Nov 15, 2022 | 0 comments

Thousands of workers gather to hear speeches in Guayaquil in early October, 1922.

By Liam Higgins

November 15 marks an anniversary of the bloodiest chapter in modern Ecuadorian history. By the end of the day in 1922, hundreds of protesting workers had died in a hail of gunfire.

Three weeks earlier, on October 25, members of a railroad workers’ union gathered to protest in Durán, just east of Guayaquil. Their demand: an eight-hour work day, the right to organize labor unions, overtime pay, compensation for those injured on the job, and the establishment of workplace safety standards.

Labor protesters gather in Guayaquil, Oct. 25, 1922.

Over the following weeks, the protests moved to Guayaquil as dozens of other labor organizations, including shipyard workers, joined the movement, demanding better pay and improved working conditions.

The protests came during a time of economic hardship for a number of Ecuador’s key industries. Following several years of strong growth following the end of World War I, the prices of some of Ecuador’s largest exports were in decline.

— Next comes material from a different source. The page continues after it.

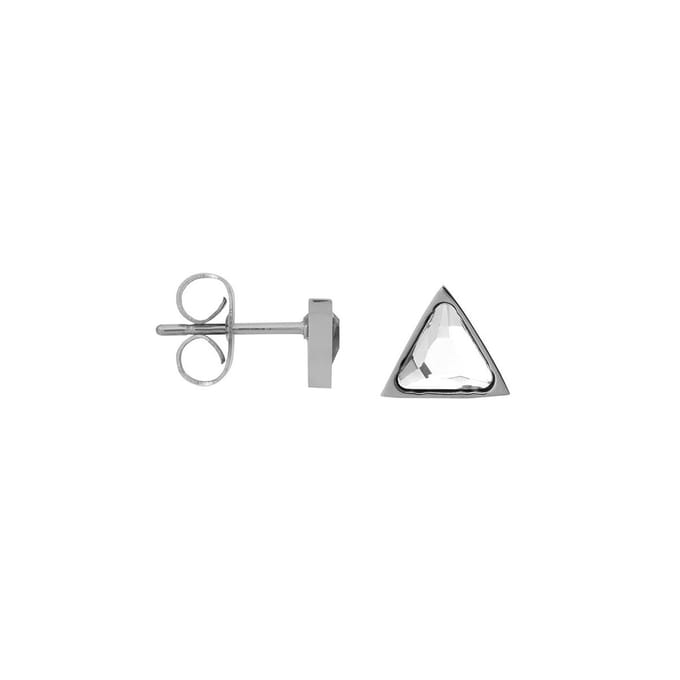 iXXXi Jewelry-Expression Triangle-Zilverkleurig-Dames Oorbellen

The price of 100 pounds of cocoa fell from 26 sucres, in January of 1920, to 5.75 sucres, in December of 1921. Prices for the Panama hats manufactured in Cuenca, dropped by 40%. Overall, revenue from all exports dropped by 45%.

According to labor leaders, business interests wanted to cushion their economic exposure by lowering workers’ pay and extending work hours.

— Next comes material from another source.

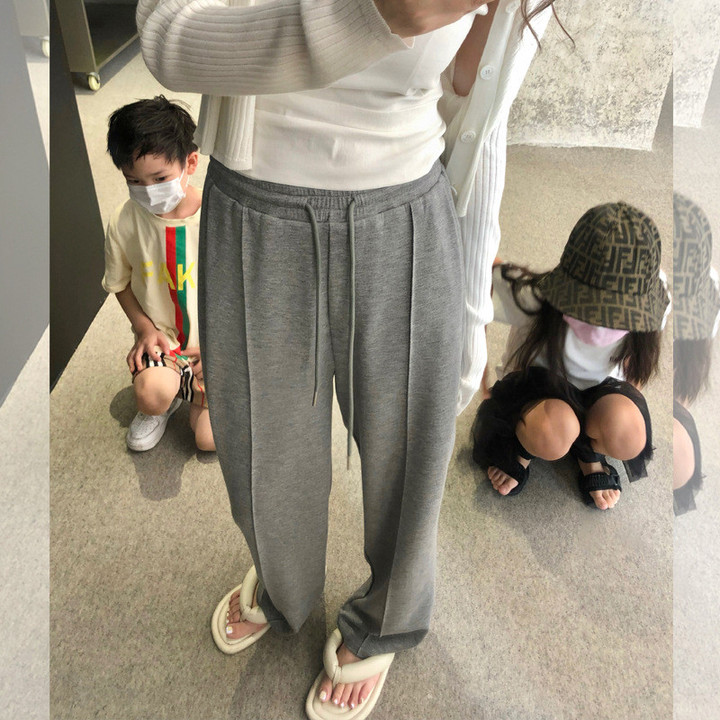 Ms. Luo Tuopin Chiffon Pants Light Casual Women's Straight Drooping Summer Thin Wide Leg Loose Trendy Bottoms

Following protests on November 13 and 14, more than 50 labor organizations joined forces for a major protest on November 15. According to reports, more than 500 workers from Cuenca, many involved in the hat-making trade, traveled horse trails through the Cajas Mountains to join the Guayaquil workers.

President José Luis Tamayo Terán

On November 15, a crowd estimated at 5,000 headed for the governor’s office in Guayaquil, demanding the release of protesters who had been arrested the previous day. Several blocks from their destination, police and army troops opened fire with rifles and machine guns, killing an estimated 1,500. According to press reports, almost a third of those killed were women and children. It was also reported that many of those firing on the protesters were business owners who took aim from second and third floor balconies along the protest route.

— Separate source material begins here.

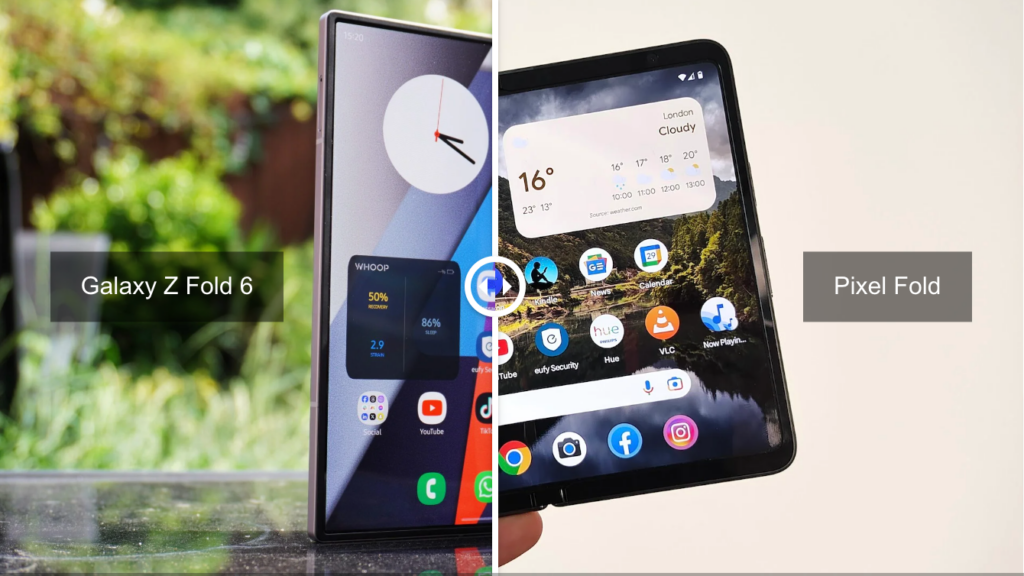 三星 Galaxy Z Fold 6 vs Google Pixel Fold：哪款折叠智能手机更值得入手？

In the aftermath of the shootings, police and military troops were said to have thrown hundreds of bodies into the Guayas River while more bodies were loaded onto trains to be buried in mass graves in areas north and east of Guayaquil.

According to Ecuadorian writer Alfredo Pareja Diezcanseco, the shootings “continued for hours and the streets ran with blood.”

“Amidst the whistle of bullets and the smell of gun powder were the screams of the dying, the most heart-breaking from women and children,” Diezcanseco wrote. “Bodies broke into pieces, jaw bones were splintered, eyes popped form their sockets and the hands of the dead reached for the sky as if in an attempt to escape the horror.”

Diezcanseco added: “And through it all, the bullets continued to scream into the crowd.”

Later, it was learned that Ecuador President José Luis Tamayo gave direct orders to open fire. He was quoted by an aid, the day before the killings, saying, “I hope that tomorrow, at six in the afternoon, you will inform me that you have returned Guayaquil’s tranquility by whatever means necessary. Above all, the interests of business must be protected.”

One report says that political and business leaders of Guayaquil had gathered in the street November 13, drafting a message to Tamayo, urging that deadly force be used to put down the protests. The report said the men met in the street so that their wives and children would not overhear the conversation.

Tamayo later denied that he had given the order despite claims by army officers to the contrary.

According to Diezcanseco and other writers, family members of those killed searched for the bodies for more than 20 years. They received no help from the government, which claimed that only a few dozen were killed and that they had no knowledge of the missing.

“November 15, 1922 is a day of shame for Ecuador,” Diezcanseco wrote. “It was the day the streets of Guayaquil turned red.”